= Matilde Muñoz Barberi =

Spanish writer

Matilde Muñoz Barberi (Madrid, April 11, 1895 – Havana, August 12, 1954) was a Spanish writer of various genres. She also used the pseudonym Selma Barberi.

== Biography ==
She was born on April 11, 1895, in Madrid, Spain. She was the daughter of journalist Eduardo Muñoz García (1863–1915), a native of Jaén, and Laura Barberi Archidona, a native of Ciudad Real.

She studied Philosophy and Literature. She worked at the newspaper El Imparcial, where she wrote reviews in the art section and published her first works. In addition to being a journalist, she was a novelist, essayist, playwright, poet, and radio scriptwriter. She was a member of the Lyceum Club Femenino, where she mingled with prominent intellectuals of the time.

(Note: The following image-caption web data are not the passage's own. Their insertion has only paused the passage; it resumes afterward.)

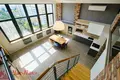 Wohnung 5 zimmer 174 m² Minsk, Belarus
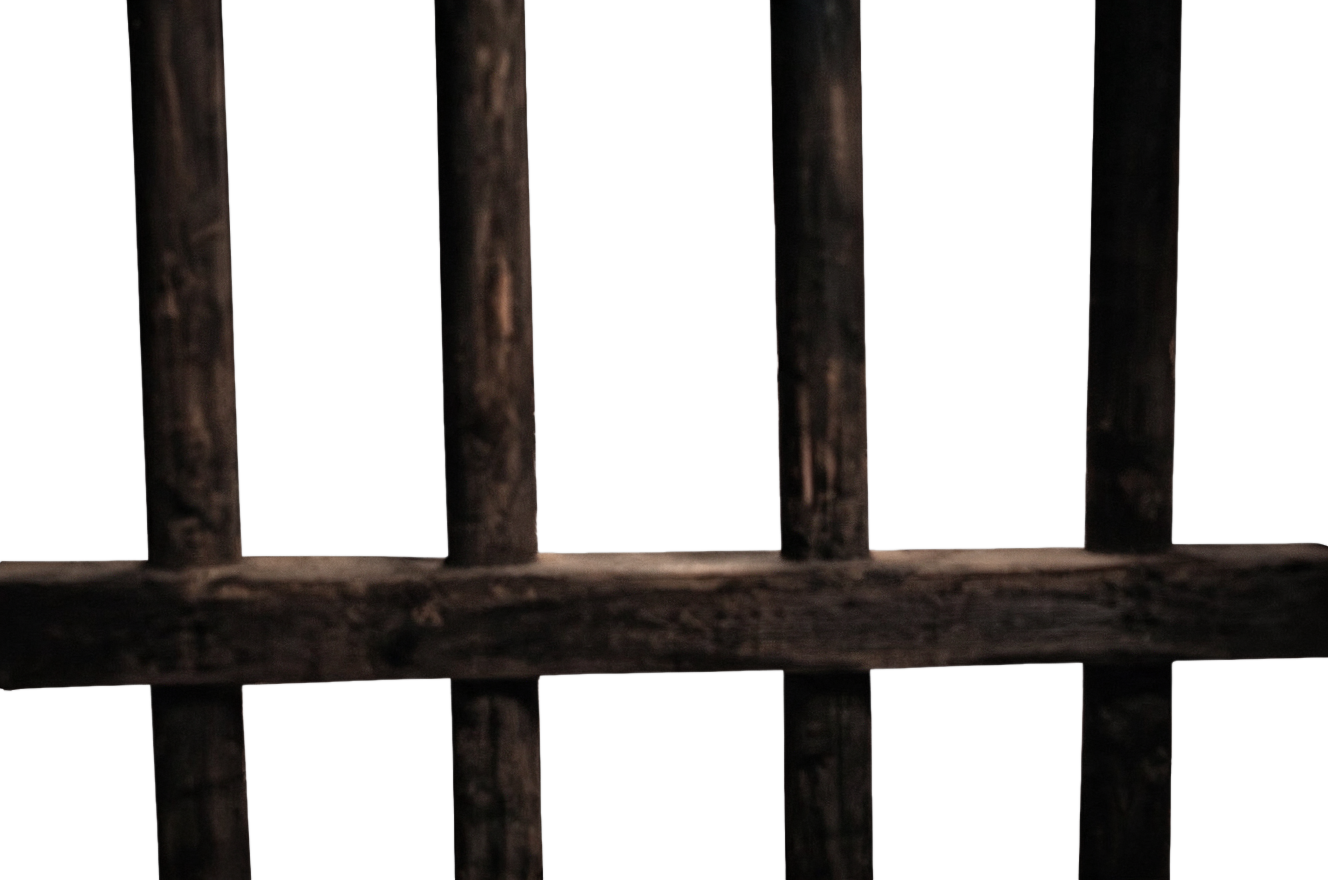 decompose this image into layers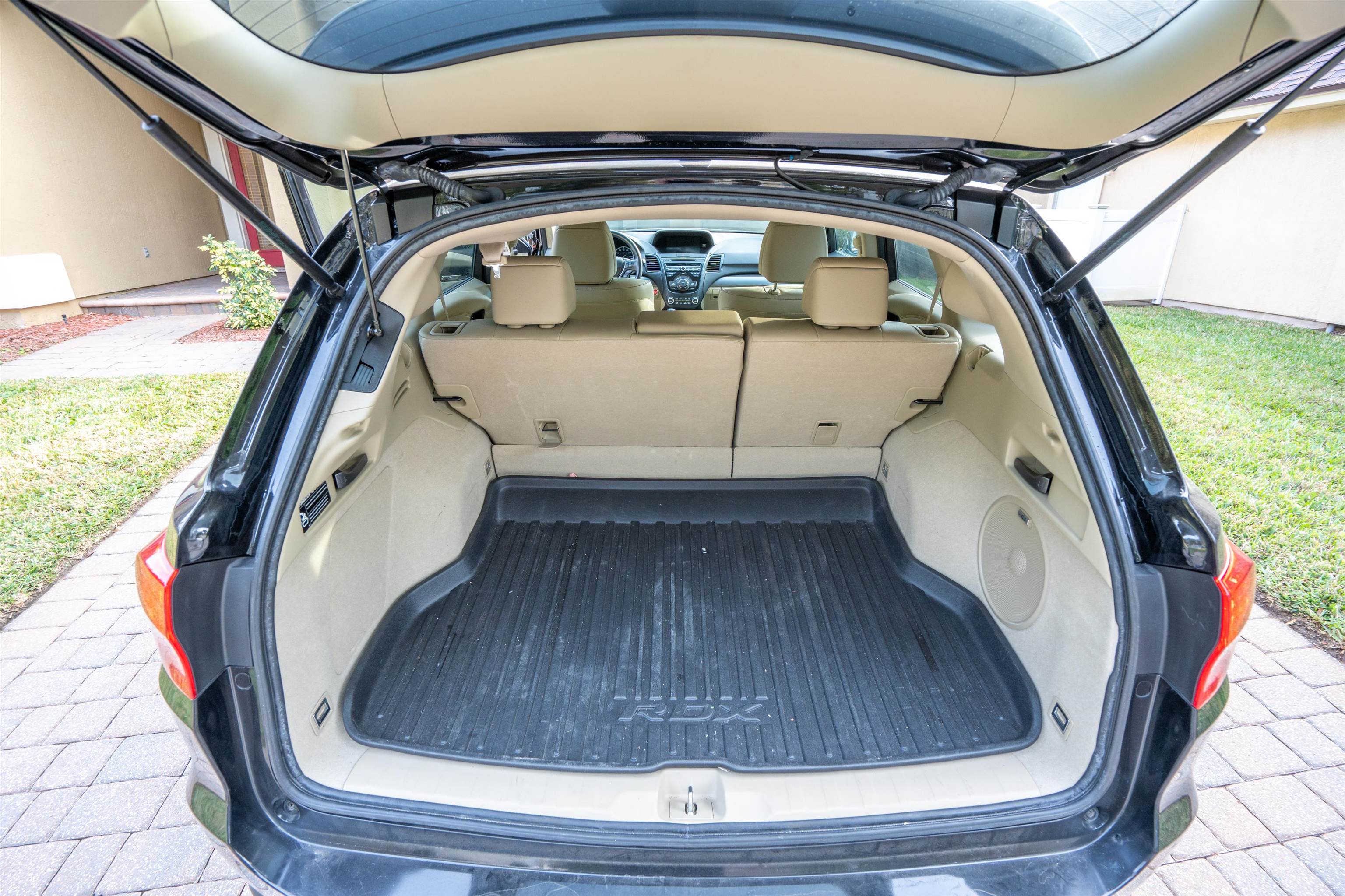 Image 50 of 60 For 709 Toria Ln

After the Spanish Civil War, she was banned from working as a journalist and decided to go into exile, settling in Cuba in 1945, where her half-brother Eduardo Muñoz Nicart (1912–1963), her sister-in-law María Bachs Fornés (1911–1987), and her nephews Eduardo Muñoz Bachs (1937–2001) and Ana María Muñoz Bachs (1939–), all of whom were artists, lived. Matilde focused on theater.

She died at the age of 59, on August 12, 1954, in Havana.